This Sunday marks an interesting day in Roman history, it’s on that day 1,880 years ago that Emperor Hadrian adopted Antoninus Pius, a 51 year old man, as his son and successor to the throne. His adoption of Antoninus was conditional—it required that Antoninus in turn adopt a 17 year old boy named Marcus Annius Verus to become his own successor. And so Marcus Aurelius was made emperor in this strange chain of events because one wise man saw a glimmer of potential in him.
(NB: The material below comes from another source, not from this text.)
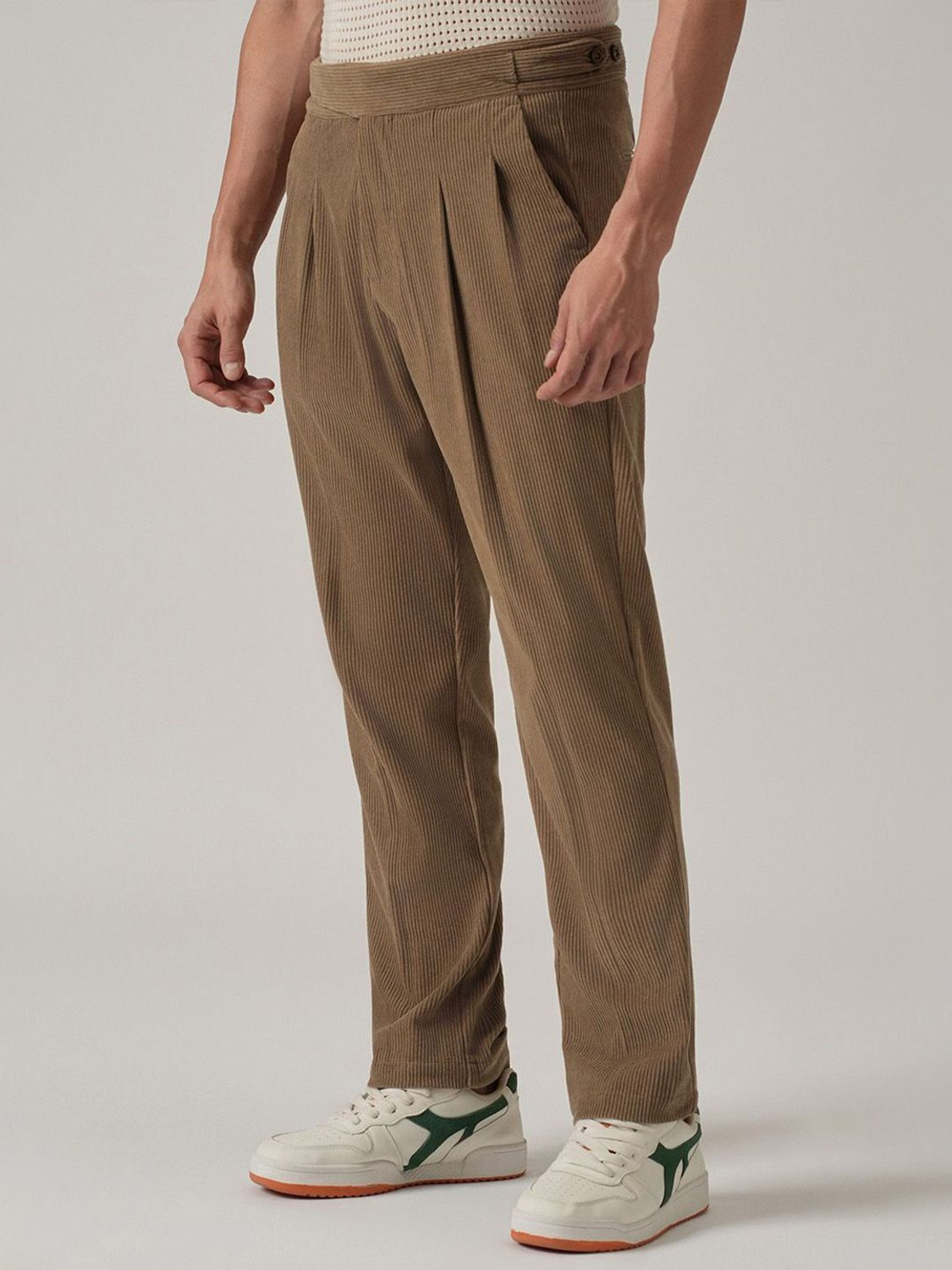 Image of Banana Club Relaxed Men Brown Trousers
There is a beautiful paragraph in the novel Memoirs of Hadrian that seeks to capture what Hadrian must have seen in that promising boy and it’s worth thinking about today—whether we’re grooming someone else for success or doing the harder work of grooming and improving ourselves.
“I have seen you read with passion the writings of the philosophers, and clothe yourself in harsh wool, sleeping on the bare floor and forcing your somewhat frail body to all the mortifications of the Stoics. There is some excess in all that, but excess is a virtue at the age of seventeen. I sometimes wonder on what reef that wisdom will founder, for one always founders: will it be a wife, or a son too greatly beloved, one of those legitimate snares (to sum it up in a word) where overscrupulous, pure hearts are caught? Or will it be more simply age, illness, fatigue, or the disillusion which says to us that if all is vain, then virtue is too? I can imagine in place of your candid, boyish countenance your weary visage as an older man. I am aware that your severity, so carefully acquired, has beneath it some sweetness, and some weakness perhaps; I divine in you the presence of a kind of genius which is not necessarily that of the statesman; the world will doubtless be forever the better off, however, for having once seen such a capacity in conjunction with supreme authority.
I have arranged the essentials for your adoption by Antoninus; under the new name by which you will one day be designated in the list of emperors you are now and henceforth my grandson. I believe that I may be giving mankind the only chance it will ever have to realize Plato’s dream, to see a philosopher pure of heart ruling over his fellow men.”